Bien plus tôt, Alexandre Soljenitsyne passe deux années importantes de son existence en Suisse. À la suite de son expulsion de février 1974, une foule enthousiaste l’attend à son arrivée en gare de Zurich. Photos et reportages télévisés de l’époque en témoignent. Soljenitsyne est alors une superstar de la littérature. Ses livres sont des best-sellers. Son séjour en Suisse fera partie des épisodes les plus singuliers de la Guerre froide, sous l’œil des redoutables services de renseignements soviétiques du KGB.
En 1970, Soljenitsyne a obtenu le Prix Nobel de littérature, ce qui le met à l’abri de nouvelles persécutions. L’Archipel du Goulag en trois volumes est considéré comme son œuvre majeure. Cet ouvrage est une dénonciation du système inhumain de punition et de rééducation développé en Russie du temps de Staline; les tsars utilisant déjà les camps de travail.

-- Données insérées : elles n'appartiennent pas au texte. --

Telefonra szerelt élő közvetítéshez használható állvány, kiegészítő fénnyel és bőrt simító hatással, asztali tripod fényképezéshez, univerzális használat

Après la publication de son ouvrage à l’Ouest, Soljenitsyne est arrêté le 12 février 1974 et expulsé vers l’Allemagne. Il visite Heinrich Böll dans l’Eifel durant deux jours, puis arrive à Zurich le 15 février. Pourquoi Zurich? C’est là que vit son avocat Fritz Heeb, qui gère les droits de ses livres. Soljenitsyne souhaite aussi y faire des recherches sur Lénine pour son roman historique La Roue rouge.
Il faut souligner le rôle du maire de la ville de Zurich. Sigmund Widmer apporte son aide. «Toute notre famille était impliquée», se souvient sa fille, âgée de 23 ans à l’époque. «Ma mère s’est occupée de l’épouse et de la belle-mère de l’écrivain, mon père des démarches administratives. Ma tâche consistait essentiellement à donner des cours d’allemand à Dmitri ‘Mitja’, le fils aîné», sa famille ayant rejoint l’écrivain après quelques semaines.
Mais, contre toute attente, ce séjour zurichois n’est pas des plus calmes. Sa présence suscite des remous incessants et l’appartement est assiégé par les curieux. Des élèves de l’école voisine pendent même des banderoles réclamant «Un peu de paix pour Soljenitsyne!». En définitive, l’écrivain ne souhaite pas rester. Sigmund Widmer lui met à disposition sa maison de vacances de Sternenberg, petit village isolé dans les collines de la vallée de la Töss, à 30 km de Zurich.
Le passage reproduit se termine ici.